- Supplied entries
══════════════════════════════

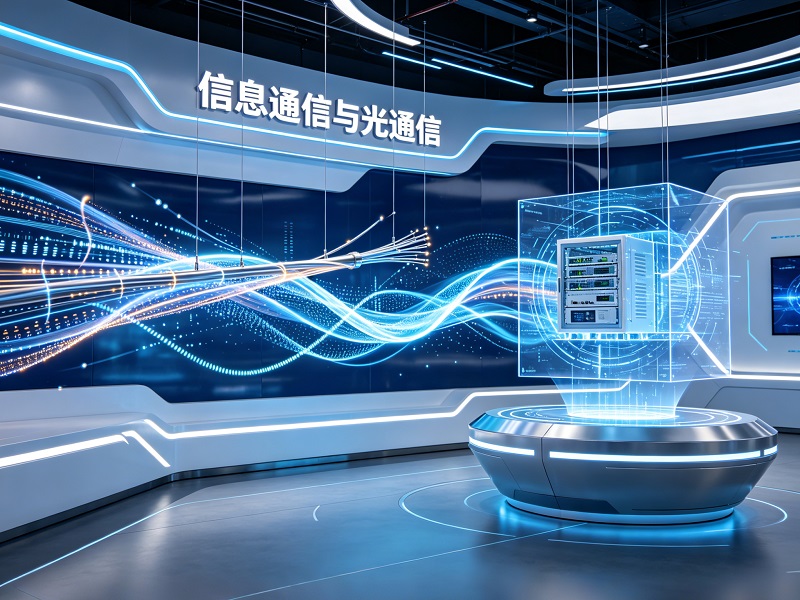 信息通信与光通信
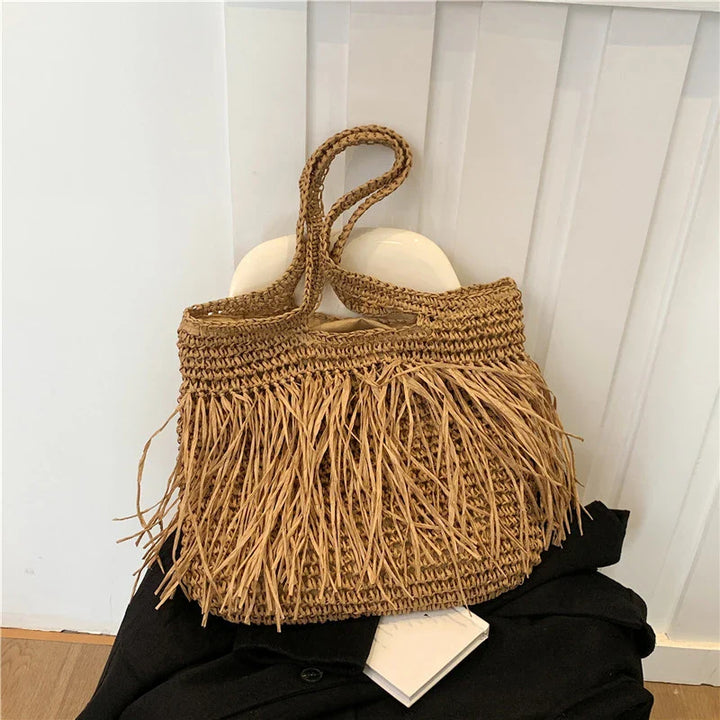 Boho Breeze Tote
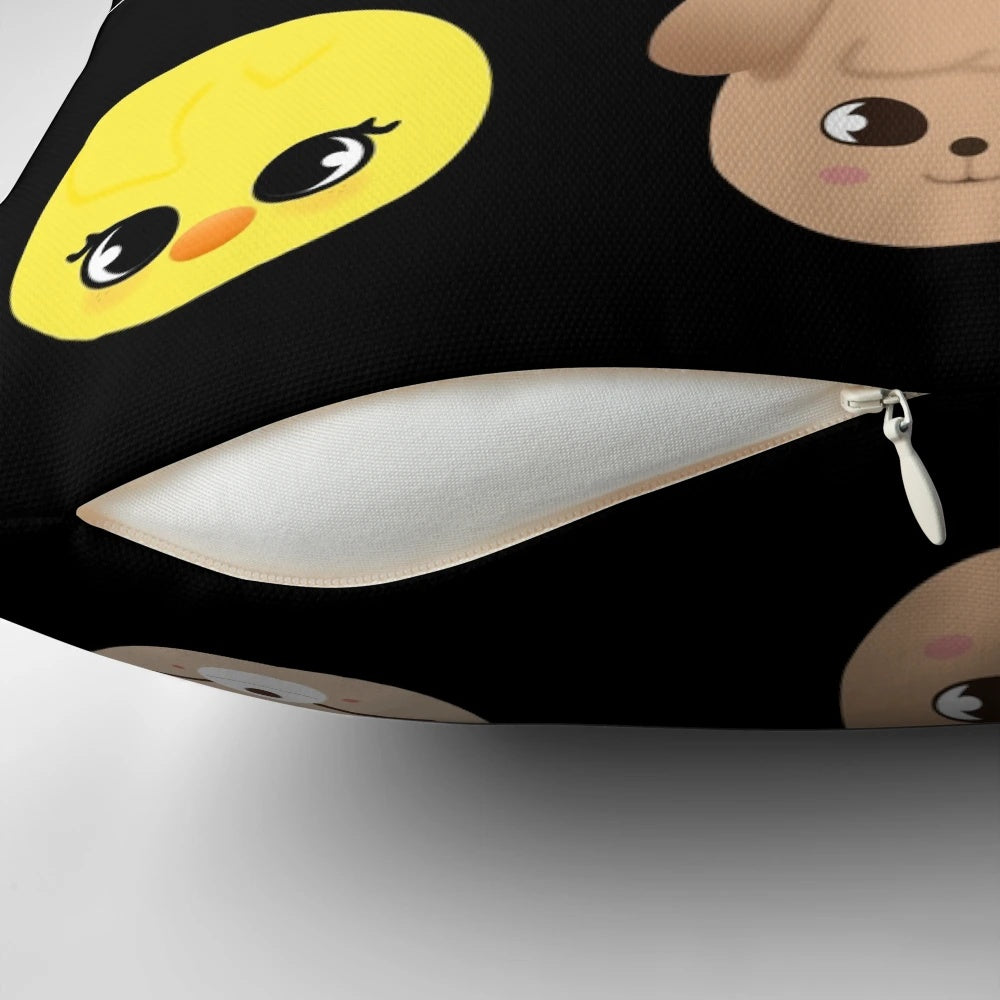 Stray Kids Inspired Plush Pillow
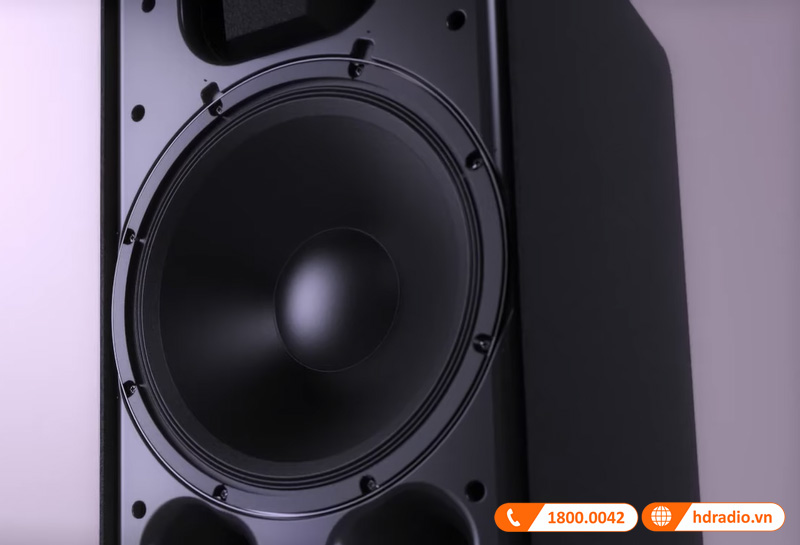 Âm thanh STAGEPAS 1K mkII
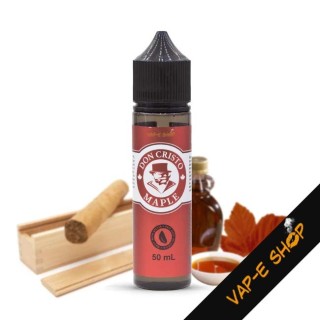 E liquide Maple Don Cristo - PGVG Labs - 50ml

══════════════════════════════

- Exercise prompt
Nothing but the lines from the one that contains "Stray Kids Inspired Plush Pillow" through the last line of the records belongs in the answer, reproduced exactly, with no pictures.

- Exercise result
 Stray Kids Inspired Plush Pillow
 Âm thanh STAGEPAS 1K mkII
 E liquide Maple Don Cristo - PGVG Labs - 50ml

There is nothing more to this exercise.